:: TRY IT ::
The expected response consists solely of the lines from the line with "составляет 4354.72 руб." through the last line of the material below, copied exactly.

:: STUDY MATERIAL ::
== Segment start ==
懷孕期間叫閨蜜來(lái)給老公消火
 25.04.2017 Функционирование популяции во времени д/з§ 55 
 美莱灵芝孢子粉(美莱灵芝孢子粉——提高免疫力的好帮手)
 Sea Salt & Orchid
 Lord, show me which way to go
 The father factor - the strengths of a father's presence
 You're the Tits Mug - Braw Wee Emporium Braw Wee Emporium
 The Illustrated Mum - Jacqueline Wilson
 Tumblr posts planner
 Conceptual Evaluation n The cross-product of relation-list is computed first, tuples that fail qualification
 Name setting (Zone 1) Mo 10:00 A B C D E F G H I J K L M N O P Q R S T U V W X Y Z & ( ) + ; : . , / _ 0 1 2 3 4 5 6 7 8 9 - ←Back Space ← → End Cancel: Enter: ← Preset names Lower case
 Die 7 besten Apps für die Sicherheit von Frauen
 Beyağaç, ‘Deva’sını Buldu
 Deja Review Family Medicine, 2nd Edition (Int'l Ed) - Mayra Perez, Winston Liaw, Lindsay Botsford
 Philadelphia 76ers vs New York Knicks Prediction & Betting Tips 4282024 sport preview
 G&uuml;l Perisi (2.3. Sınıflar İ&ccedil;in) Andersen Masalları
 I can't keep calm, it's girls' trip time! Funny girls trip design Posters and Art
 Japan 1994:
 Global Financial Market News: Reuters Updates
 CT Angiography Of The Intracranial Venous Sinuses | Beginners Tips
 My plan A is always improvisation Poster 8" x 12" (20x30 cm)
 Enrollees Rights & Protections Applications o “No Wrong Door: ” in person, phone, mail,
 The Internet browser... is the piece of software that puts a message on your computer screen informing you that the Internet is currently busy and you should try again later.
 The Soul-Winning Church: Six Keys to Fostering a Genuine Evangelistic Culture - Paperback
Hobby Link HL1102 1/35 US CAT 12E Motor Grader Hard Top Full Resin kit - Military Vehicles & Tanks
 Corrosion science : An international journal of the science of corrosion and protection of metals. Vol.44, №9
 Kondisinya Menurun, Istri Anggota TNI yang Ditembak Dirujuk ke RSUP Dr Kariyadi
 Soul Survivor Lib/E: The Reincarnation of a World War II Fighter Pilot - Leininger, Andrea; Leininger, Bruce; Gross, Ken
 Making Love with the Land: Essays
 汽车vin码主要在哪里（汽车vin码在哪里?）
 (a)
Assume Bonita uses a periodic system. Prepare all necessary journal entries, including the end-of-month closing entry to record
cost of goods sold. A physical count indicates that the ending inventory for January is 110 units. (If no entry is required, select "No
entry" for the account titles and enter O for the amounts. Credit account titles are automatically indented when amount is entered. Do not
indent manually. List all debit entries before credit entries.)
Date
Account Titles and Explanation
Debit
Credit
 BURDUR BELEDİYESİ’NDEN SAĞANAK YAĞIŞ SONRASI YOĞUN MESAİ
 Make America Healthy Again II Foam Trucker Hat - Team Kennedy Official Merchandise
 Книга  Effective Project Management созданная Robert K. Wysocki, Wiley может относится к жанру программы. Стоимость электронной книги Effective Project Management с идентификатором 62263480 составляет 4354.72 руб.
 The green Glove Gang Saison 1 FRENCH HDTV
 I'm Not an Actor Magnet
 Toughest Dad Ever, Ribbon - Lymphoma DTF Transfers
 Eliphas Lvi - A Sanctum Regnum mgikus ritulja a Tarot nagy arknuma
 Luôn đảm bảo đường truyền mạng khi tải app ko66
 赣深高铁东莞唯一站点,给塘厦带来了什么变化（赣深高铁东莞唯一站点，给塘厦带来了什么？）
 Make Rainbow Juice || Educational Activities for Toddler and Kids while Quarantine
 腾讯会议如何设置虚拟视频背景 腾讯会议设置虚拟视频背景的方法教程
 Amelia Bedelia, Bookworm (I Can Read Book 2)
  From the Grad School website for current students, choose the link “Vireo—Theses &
== Segment end ==
:: EXERCISE SOLUTION ::
 Книга  Effective Project Management созданная Robert K. Wysocki, Wiley может относится к жанру программы. Стоимость электронной книги Effective Project Management с идентификатором 62263480 составляет 4354.72 руб.
 The green Glove Gang Saison 1 FRENCH HDTV
 I'm Not an Actor Magnet
 Toughest Dad Ever, Ribbon - Lymphoma DTF Transfers
 Eliphas Lvi - A Sanctum Regnum mgikus ritulja a Tarot nagy arknuma
 Luôn đảm bảo đường truyền mạng khi tải app ko66
 赣深高铁东莞唯一站点,给塘厦带来了什么变化（赣深高铁东莞唯一站点，给塘厦带来了什么？）
 Make Rainbow Juice || Educational Activities for Toddler and Kids while Quarantine
 腾讯会议如何设置虚拟视频背景 腾讯会议设置虚拟视频背景的方法教程
 Amelia Bedelia, Bookworm (I Can Read Book 2)
  From the Grad School website for current students, choose the link “Vireo—Theses &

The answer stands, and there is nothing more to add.